La place de la France dans le dispositif institutionnel des deux banques centrales est un autre sujet de discussion. Le processus d’africanisation des instituts d’émission engagé dans les années 1970 n’a pas mis fin à la présence de représentants de l’État français au sein de leurs conseils d’administration.
Avant une réforme institutionnelle de la BCEAO en avril 2010, la plus importante depuis des décennies, deux représentants de la France siégeaient dans le Conseil d’administration de la banque sur un total de 16 membres. Moins connu, le directeur local de l’Agence française du développement (AFD) était membre du comité national du crédit, organe qui délibère dans chaque État membre sur la distribution du crédit et le volume de l'émission.
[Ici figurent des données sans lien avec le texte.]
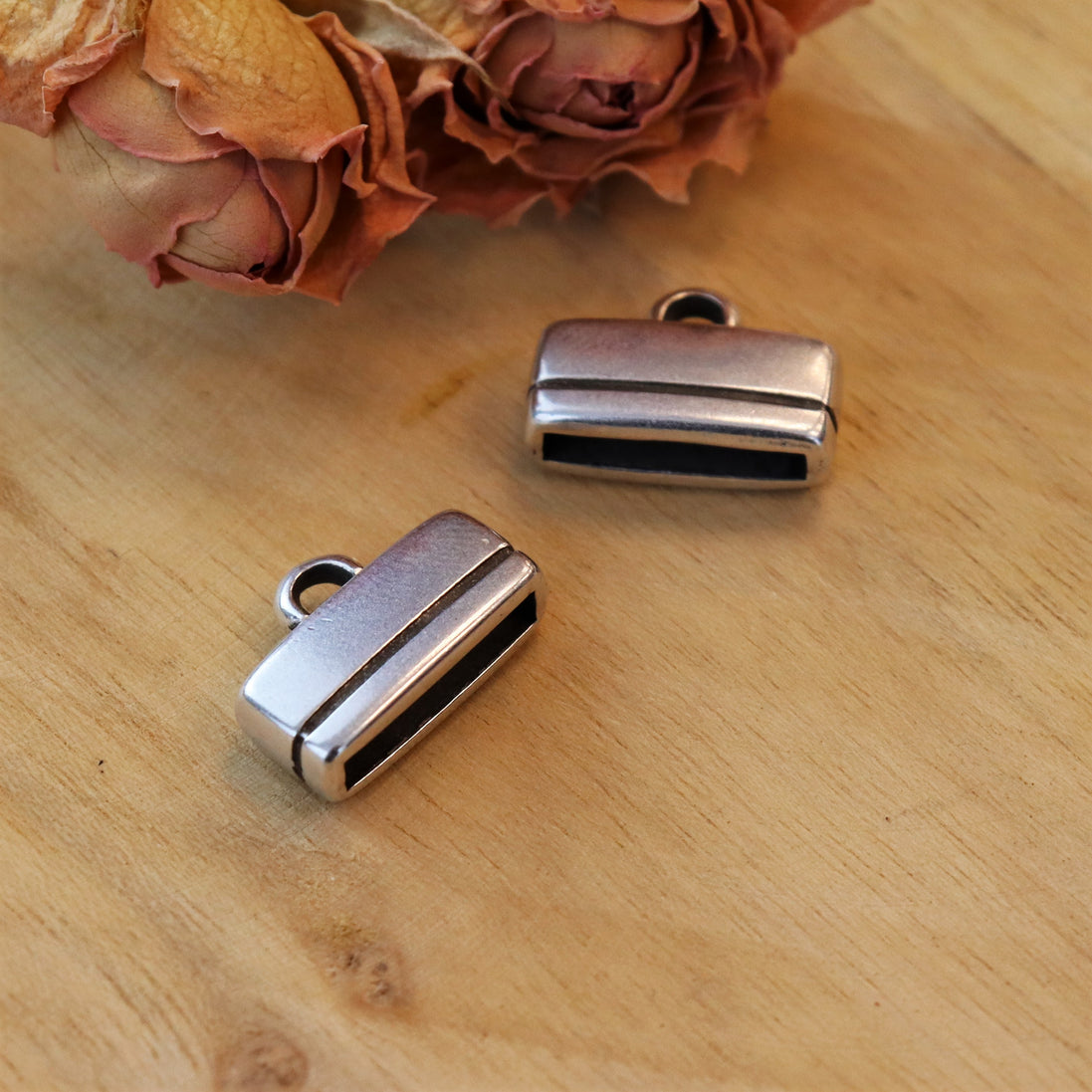 End cap DQ silver for 13mm leather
La politique monétaire de la zone était cependant déterminée par le Conseil des ministres de l’Économie et des Finances des États membres, sans intervention a priori de la France.

La réforme de 2010 discutée pendant des années, a renforcé l’indépendance de la BCEAO à l’égard de la France. Il n’y a plus de représentant français au sein des nouveaux conseils nationaux de crédit, mais il y aura toujours un représentant de la France au conseil d’administration et un représentant également au comité de politique monétaire, le nouvel organe décisionnel en matière de politique monétaire dans la zone qui se réunit tous les trimestres. Si on fait remarquer au sein de la banque à Dakar que les représentants de la France n’ont qu’une voix aux côtés des représentants des 8 États ouest-africains membres au sein du conseil et du comité, et qu’on salue l’esprit de la récente réforme, beaucoup estiment qu’elle aurait dû aller plus loin. Et que, par exemple, la présence de la France au sein du comité de politique monétaire n’est pas nécessaire, sauf peut-être lors des réunions extraordinaires convoquées en cas de risque de crise monétaire.

Les principes fondamentaux de la gestion du franc CFA qui a survécu à toutes les crises économiques, politiques et sociales dans les pays africains membres en cinquante ans, mais également à la mort du franc français, son étalon historique, semblent éternels. À moins que le projet de création d’une monnaie unique en Afrique de l’Ouest à l’horizon 2018 et le grand dessein d’une union monétaire à l’échelle de tout le continent africain qui figure dans les plans ambitieux de l’Union africaine ne deviennent plus crédibles qu’ils ne l’ont jusque-là été.